Pre-existing Immunity to COVID-19: Overview and Implications – Part 1

Abstract:

This review article is comprised of three parts: Part 1 (this part) introduces the subject and investigates how cross-reactive coronaviruses provide preexisting immunity to SARS-CoV-2. Part 2 will explore preexisting immunity from other microorganisms, while Part 3 will examine preexisting immunity from non-COVID vaccinations and discuss the overall article. Despite authoritative statements that SARS-CoV-2 was a novel virus, to which no one had immunity, several early studies suggested that preexisting immunity to SARS-CoV-2 was a very real phenomenon. SARS-CoV-2, in fact, shares a strong genetic identity with other human coronaviruses (between 65% and 82%), so it is no surprise to find abundant evidence of cross-reactivity between SARS-CoV-2 and the common cold coronaviruses.
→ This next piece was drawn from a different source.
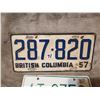Image 2 : 1957 B.C. and Yukon license plates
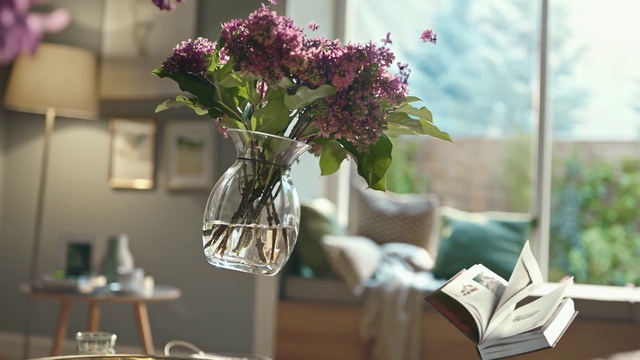 Video Reference N2: Flower, Branch, Purple, Vase, Petal, Table, Flower Arranging, Grass, Tableware, Artificial flower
Fewer studies have investigated whether cross-reactivity to these coronaviruses induces preexisting immunity. Where preexisting immunity has been tested, there was an association between protection against COVID-19 and the cross-reactive memory T and B cells of the adaptive immune system and the trained immunity of the innate immune system. Cross-reactive antibodies present a conundrum, as in some instances, they are protective, but in other cases, they worsen COVID-19. The factors that determine whether an antibody is protective or pathogenic are mainly unknown. It is important to investigate this for both the use of plasma therapy and vaccine development. Similarly, the trained immunity response may occasionally worsen inflammation. The proportion of samples showing preexisting immunity may, in fact, be understated, as generally only peripheral blood immune cells, rather than samples of bone marrow or respiratory tract mucosa, were tested; mucosal secretory IgA antibodies are consistently protective.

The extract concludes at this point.